Thursday, April 25, 2024

The neighborhood’s Maria L. Baldwin School was known as the Agassiz School until 2002. (Photo: Marc Levy)

The Baldwin Neighborhood, named for black educator Maria Baldwin, will join a dozen others on the Cambridge map by wiping away the Agassiz Neighborhood name, city councillors affirmed in a 9-0 vote Monday.

The effort to change the neighborhood’s name began almost two years ago with Maya Counter, a resident of the neighborhood who is now attending Harvard College. Counter presented her research and proposal to her neighborhood council and then to the City Council in February 2020, drawing support for erasing the name of a eugenicist in favor of a groundbreaking educator and woman of color.

That work finished at the council’s sole summer meeting.

Maria Baldwin, circa 1885. (Photo: Library of Congress)

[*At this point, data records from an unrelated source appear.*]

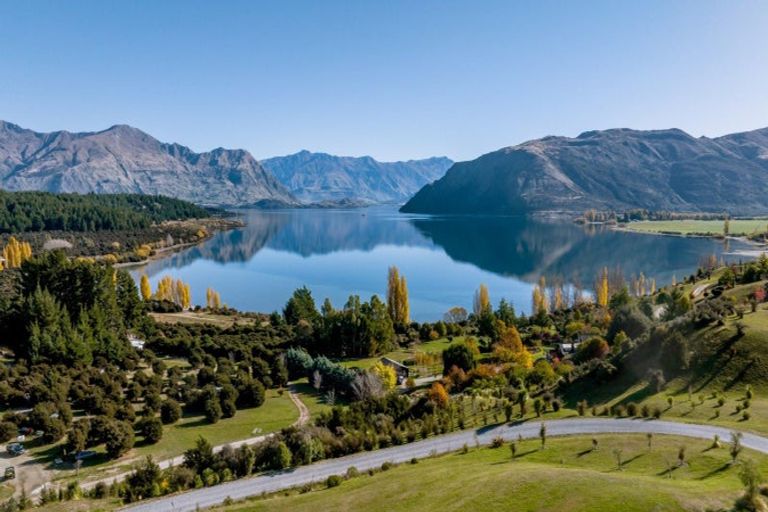 Photo of property in 354 Dublin Bay Road, Albert Town, Wanaka, 9382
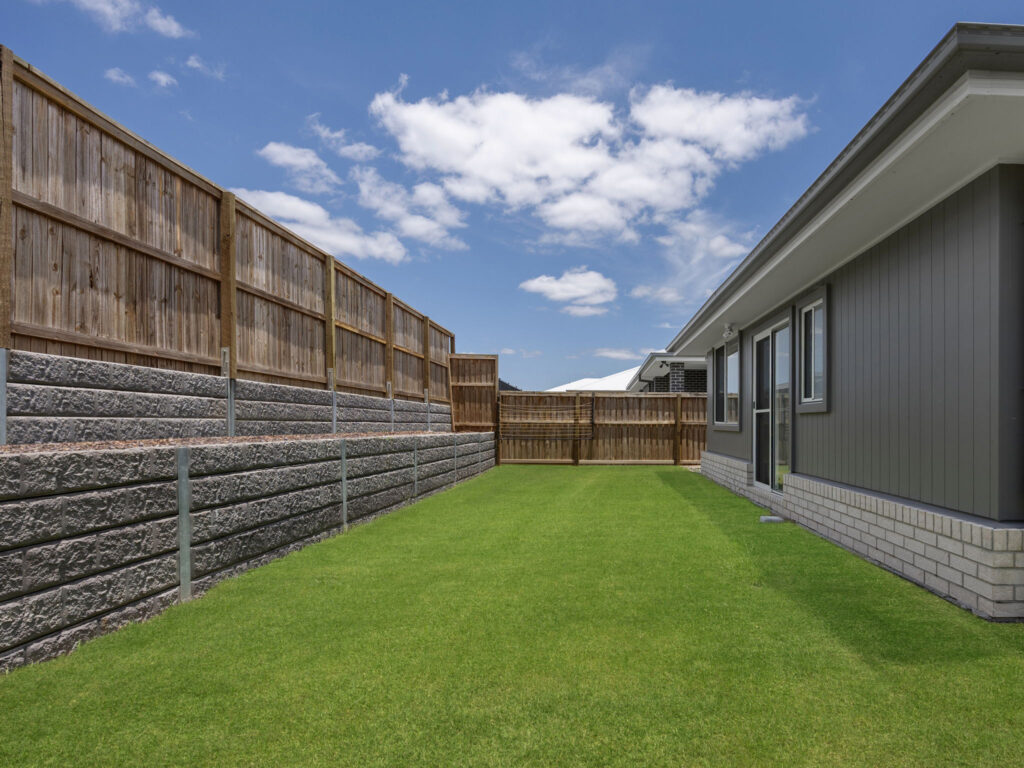 7 Rosy Street, Ripley, QLD 4306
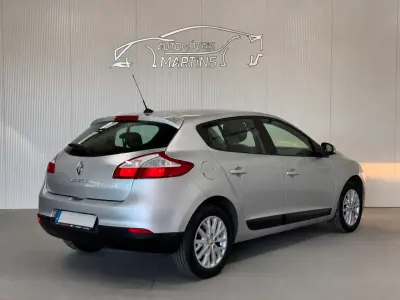 Renault Mégane 2014 - 5990 EUR, 325267 km - AUTO.MOTO.pt - 325267km - foto 8 de 20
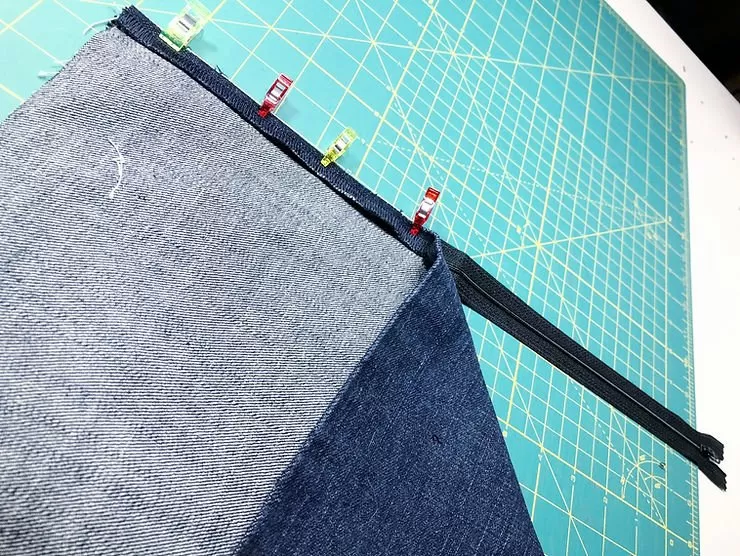 1 Hour Upcycle: Old Jeans into a Stylish Dopp Kit 7 image 144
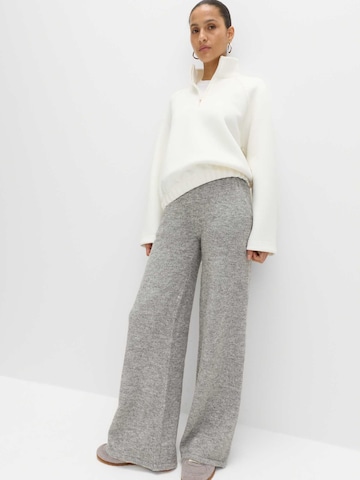 Marks & Spencer Wide leg Trousers in Grey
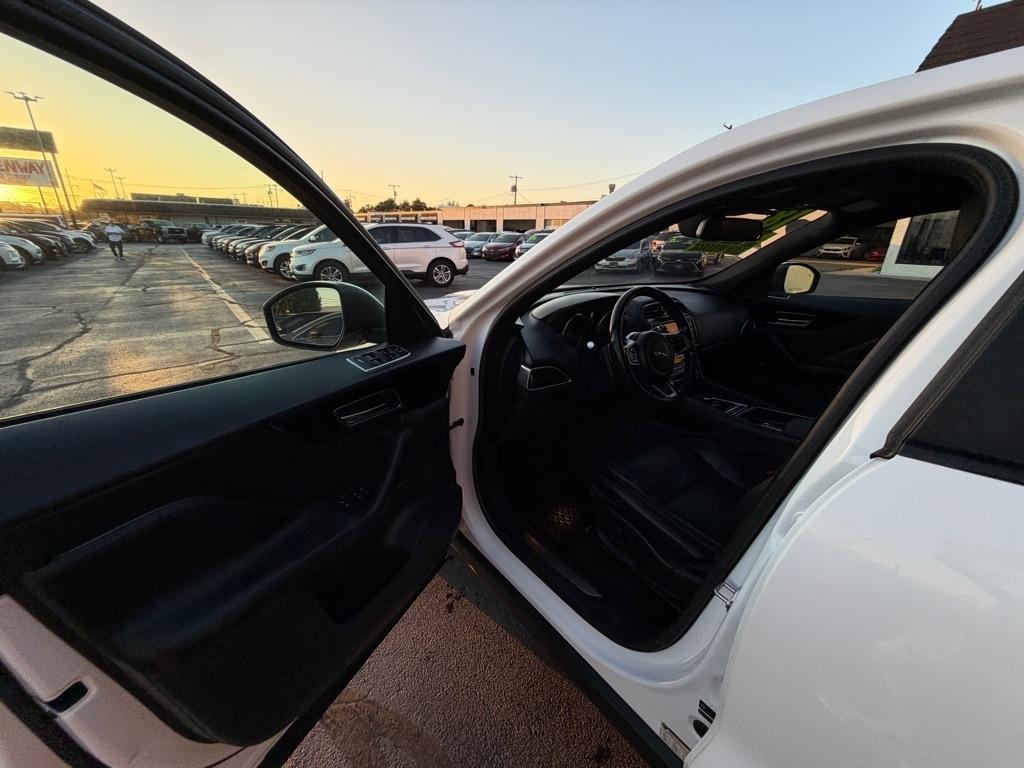 Jaguar F-Pace 25t Prestige 2018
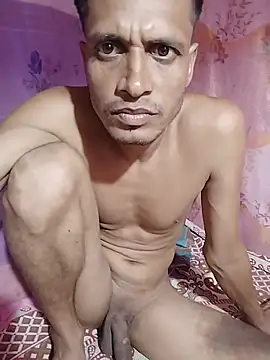 Priankaboudi 即時 XXX 聊天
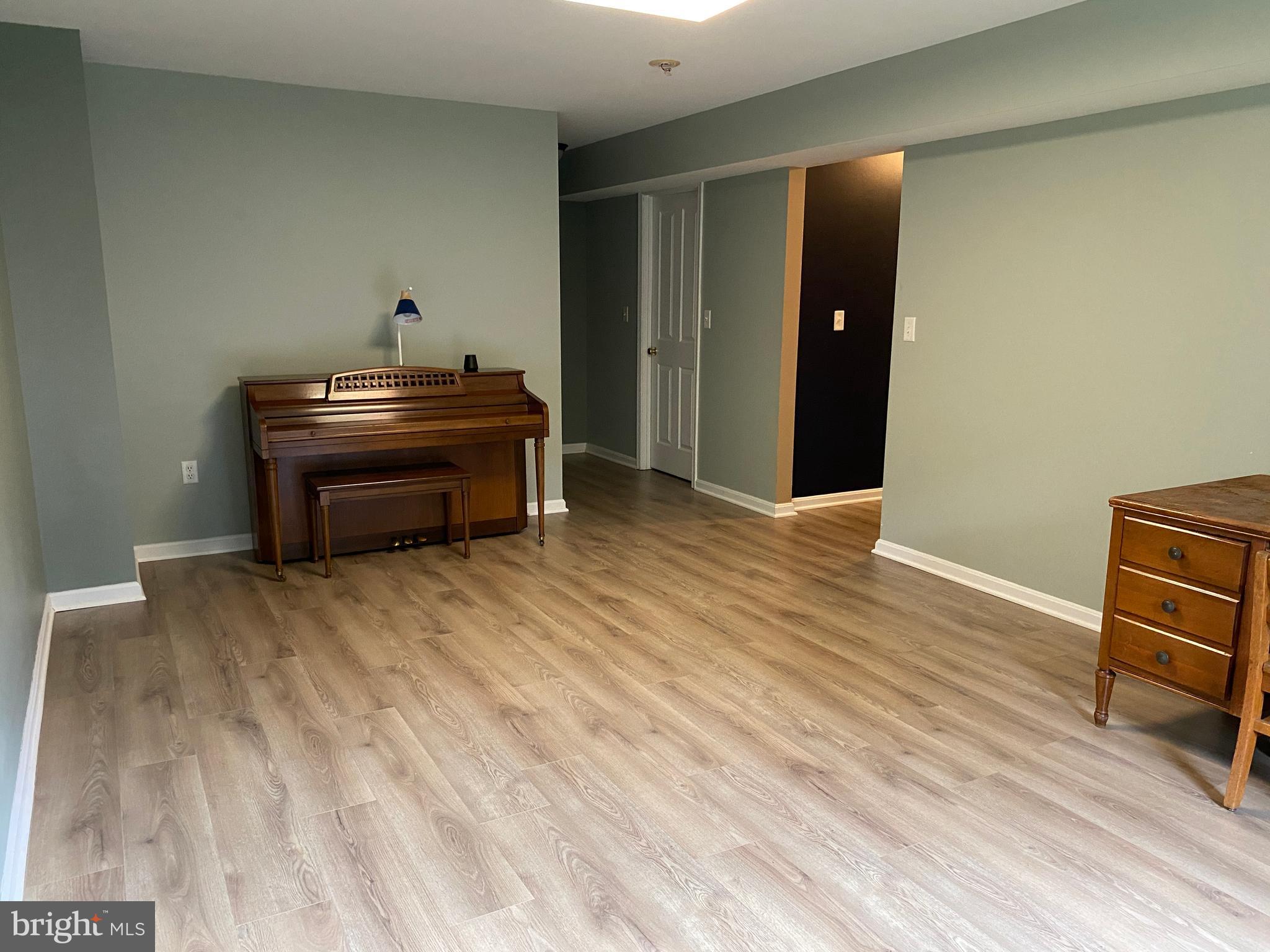 THE CORNERS AT ARDEN - Residential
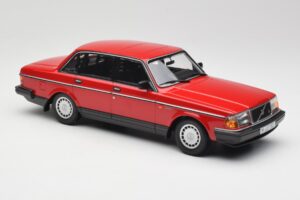 Volvo 240 GL Roșu Minichamps 1:18 155171401 Metal - imaginea 4 din 6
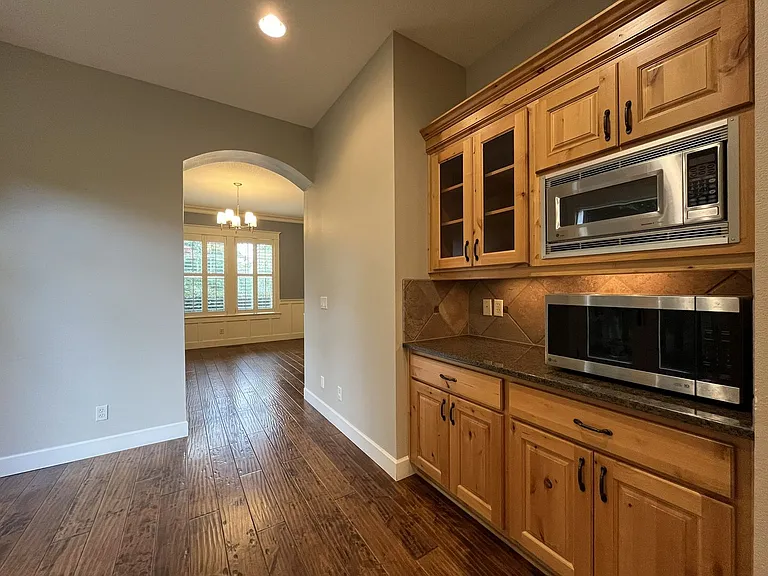 6435 McDuff Ct — Photo 27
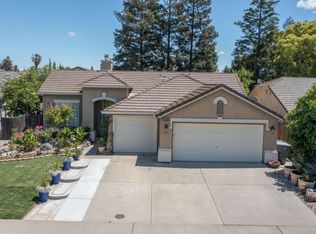 6124 McDevitt Dr, Riverbank, CA 95367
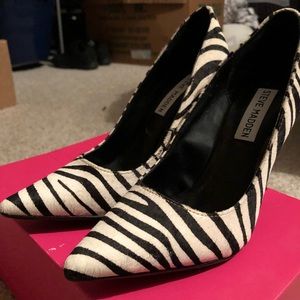 *** *HOST PICK*** ❤️ Zebra pointy Pumps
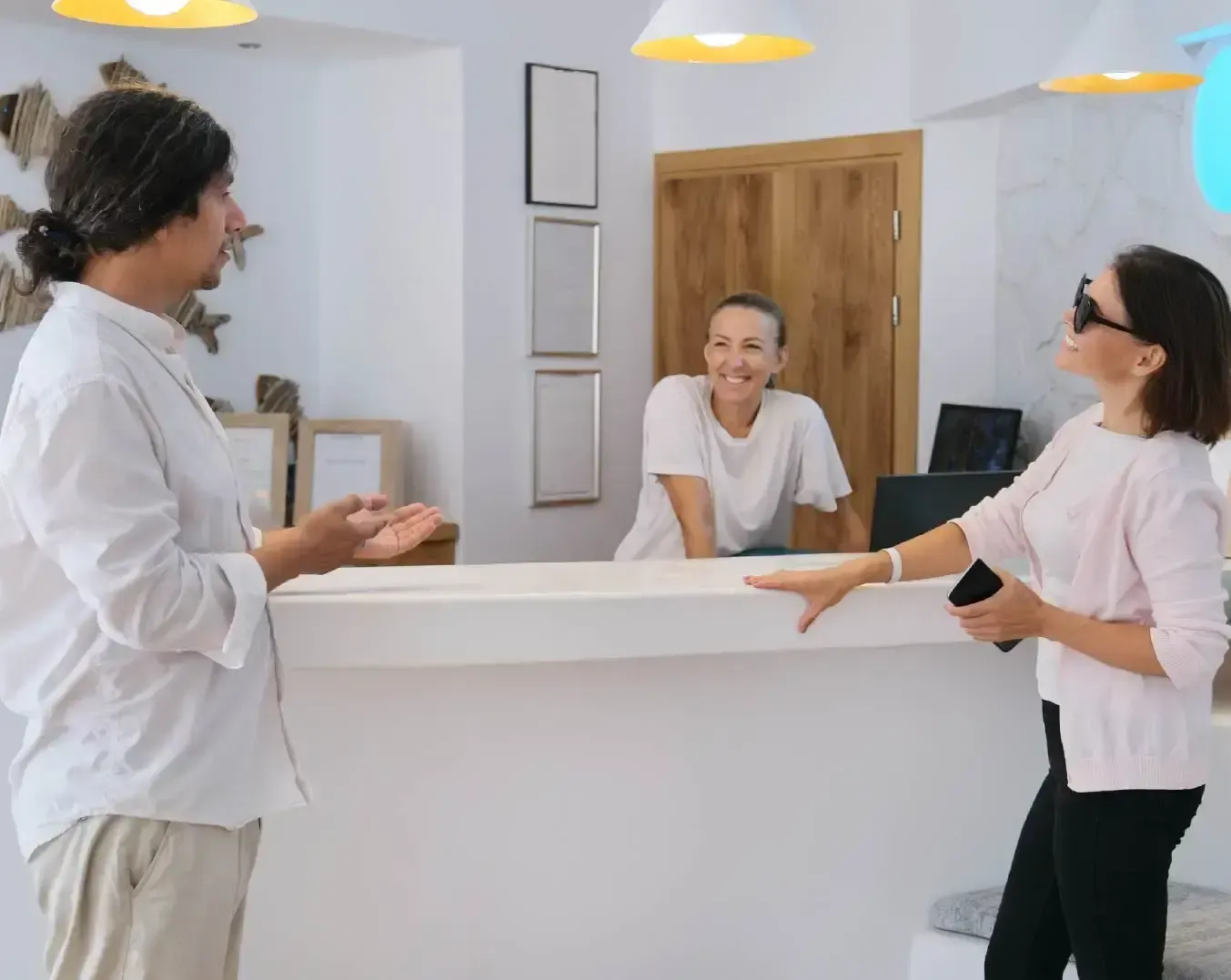 Qué es la atención al cliente de un hotel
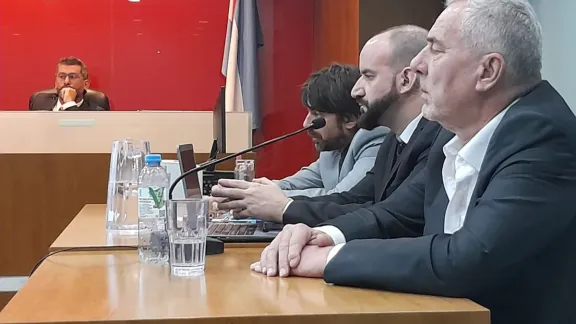 Exfuncionario admite haber beneficiado a empresa a costa del Estado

“In a country built on the foundation of white supremacy, we must be critical and proactive about what and who deserves to represent our shared current values. We live in a diverse community – a reality that Agassiz fought hard against, and the same kind of community that Baldwin worked hard for,” Counter said Monday in public comment to the council.

“To the people that hate to see the Agassiz name go, there are still myriad towns, streets, glaciers, lakes, mountains, buildings, etc., named after him. And as a Harvard student, I can tell you that there’s a lot of him on campus. History can never change,” Counter said.

Vocal opponents to the name change came down to a single resident of the neighborhood, Fred Meyer, whose letters to the editor and public testimony at meetings said the process was flawed. “I don’t want people to feel that they have been led by a biased Agassiz Neighborhood Council, which most people in the neighborhood have never heard of,” Mayer said.

But while Meyer said he knew of others who shared his concerns and wanted more options beyond the Baldwin name – that he heard it “over and over” – no one joined his campaign.

Fred Meyer speaks June 28 to the City Council about a neighborhood renaming process. (Photo: Marc Levy)

Swiss-born scientist Louis Agassiz is famous for founding Harvard’s Museum of Comparative Zoology but infamous for promulgating racist notions. He believed in polygenism, the idea that human races are of different origins, and that whites were intellectually superior to other races. He died in 1873.

A quarter-century later, Maria L. Baldwin became the first black female school principal in the Northeast – “the most distinguished position achieved by a person of negro descent in the teaching world of America,” W.E.B. Du Bois said in 1917. The School Committee voted in 2002 to rename the neighborhood’s Agassiz elementary school to the Baldwin School for the same reasons as Counter and many supporters cite: to honor Baldwin’s achievements and shake off the taint of the Agassiz name.

Neighborhood process

Counter and the neighborhood council ran an engagement process and survey to gauge support for the name change and potential new honor for Baldwin.

It wasn’t robust enough for Meyer, who hoped a variety of name change options would appear on the Nov. 2 ballot, and councillor Patty Nolan delayed a vote on the change on the June 28 council meeting agenda “because it became clear that many residents of the neighborhood were taken off guard that the council was about to vote on changing the name … the city could and should have done a better job of outreach to the neighborhood.”

That lack of outreach from City Hall was partially by design, said councillor E. Denise Simmons, who has worked with Counter on the project.

“If you did not see as much hands-on work as you might have wanted through the city, please understand that [we] wanted this to be done where it started, which was in the neighborhood,” Simmons said.

More changes coming

A Committee on City Art, Monuments and Markers led by Simmons is nearing a report that includes a look at whether historical namesakes citywide engaged in “shameful acts” such as enslaving people or toxic intellectual explorations such as Agassiz’s, Simmons said.

Nolan said she looked forward to the report. “This will not be the last neighborhood street or building to get renamed. I know our colleague has been working on many other things to be renamed, and I’m totally on board and thrilled with that effort,” Nolan said.

The prior neighborhood name change was in 2015, as Area IV became “The Port.” There too, race played a role, as residents believed the term “Area IV” was a police designation oppressing a center of black and brown life in the city. (The designation was created by the city to facilitate analysis of the then upcoming 1940 U.S. Census; the city still has an Area II, home to much of the Massachusetts Institute of Technology campus.) The change was made official by the council after several rounds of community solicitation. In that situation too, not everyone felt the process had been inclusive enough, said Lee Farris, a resident of The Port who is active in civic affairs.

Baldwin may get a third point of recognition at the Central Square branch library, where a task force will consider a renaming to The Maria Baldwin and Rep. John Lewis Library and Center for African American/Black History and Culture.